Lo que vengo diciendo significa para el hombre una luz y, a la vez, un empeño. Ningún hombre pude suprimir la nostalgia de la comunidad; la necesita para vivir y para crecer más que el aire que respira. A la luz de la Palabra de Jesús, esta constatación que todo hombre experimenta adquiere una profundidad insospechable: Estamos hechos a imagen de Dios y, por tanto, para el encuentro, para el diálogo, para el amor. La vocación comunitaria, empezando por la comunidad básica del hombre y la mujer, es la huella más significativa de la Trinidad en el hombre: “A imagen suya los creó: hombre y mujer los creó…”.
Luz y empeño. Porque encuentro y comunión han de ser un empeño ineludible para el hombre. Si el hombre quiere ser en el mundo signo de Dios, ha de ser constructor de encuentro, de diálogo y de comunión. La gloria de la Trinidad es la comunión entre los hombres.
Cada vez me gusta más la doxología con que concluye la plegaria eucarística: “Por Cristo, con Él y en Él, a ti, Dios Padre Todopoderoso, en la unidad del Espíritu Santo, todo honor y toda gloria”. En unas pocas palabras verdaderas se proclama y celebra que toda la historia del salvación, la de todos y la de cada uno, es la repetición de un ciclo de amor incesante que, saliendo del Padre, al Padre vuelve, por medio del Hijo en el Espíritu Santo. La Trinidad no es el dogma frío dado para ser creído, sino el misterio cálido para ser vivido. Es tan grande este misterio que frente a él el silencio nos dice más que el discurso, la adoración más que las palabras.
Quizá por lo del silencio y la adoración celebra la Iglesia en esta fiesta el día “pro orantibus”, por los miembros de la vida contemplativa.
Los contemplativos, ellos y ellas, fueron llamados por Dios a hacer una comunidad no basada en lazos de la carne o de la sangre, sino en el amor, para que teniéndolo todo en común fueran en la tierra anticipo y profecía de la familia hacia la que nos encaminamos, la familia divina de la que ya formamos parte, aunque sea en la oscuridad de la fe.
Nuestra diócesis tiene la suerte de contar con seis monasterios femeninos de vida contemplativa.
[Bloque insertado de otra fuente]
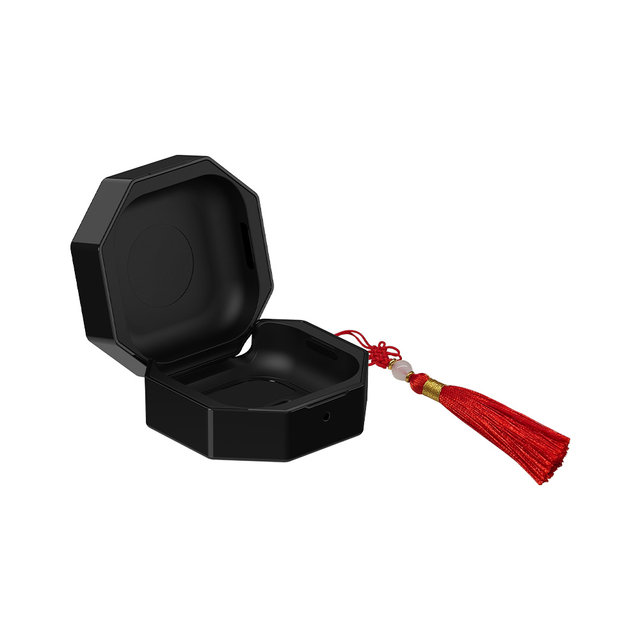 [삼성] 갤럭시 버즈4｜버즈4P 케이스(꽃 전통 문양)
No realizan una labor de eficacia visible, pero, permaneciendo en el manantial de la comunión trinitaria, viven en la fuente de su ser y de su vitalidad apostólica.
Lo específico de la vida contemplativa es la alabanza filial y la intercesión ante el Padre, prolongando así el latido esponsal del corazón de la Iglesia. Tal tarea no es exclusiva de los contemplativos, sino de todos, pero ellos y ellas lo asumen como quehacer propio, garantizando así su cumplimiento. Ellos y ellas son los ojos siempre abiertos de nuestra Iglesia, el corazón que nunca deja de latir, vivificando al cuerpo eclesial. Con su vida pobre, virginal y escondida, son laboratorios de oxígeno espiritual; nos enseñan a relativizar muchas cosas. La “soledad sonora” de nuestros monasterios es un artículo de primera necesidad para no perder las claves de la existencia y los ejes de la vida.
Valorad y agradeced el servicio de estas hermanas. Ayudadlas y orad por ellas, para que no les falten vocaciones. En sus casas no vais a encontrar confort ni riquezas, pero sí el regalo de una sonrisa amiga, limpia y transparente, amor gratuito, susurros de Dios, bocanadas de aire fresco en medio de la sequía espiritual que nos aqueja. A lo mejor es verdad que los contemplativos ofrecen más pistas de futuro al mundo que todos los tecnócratas juntos.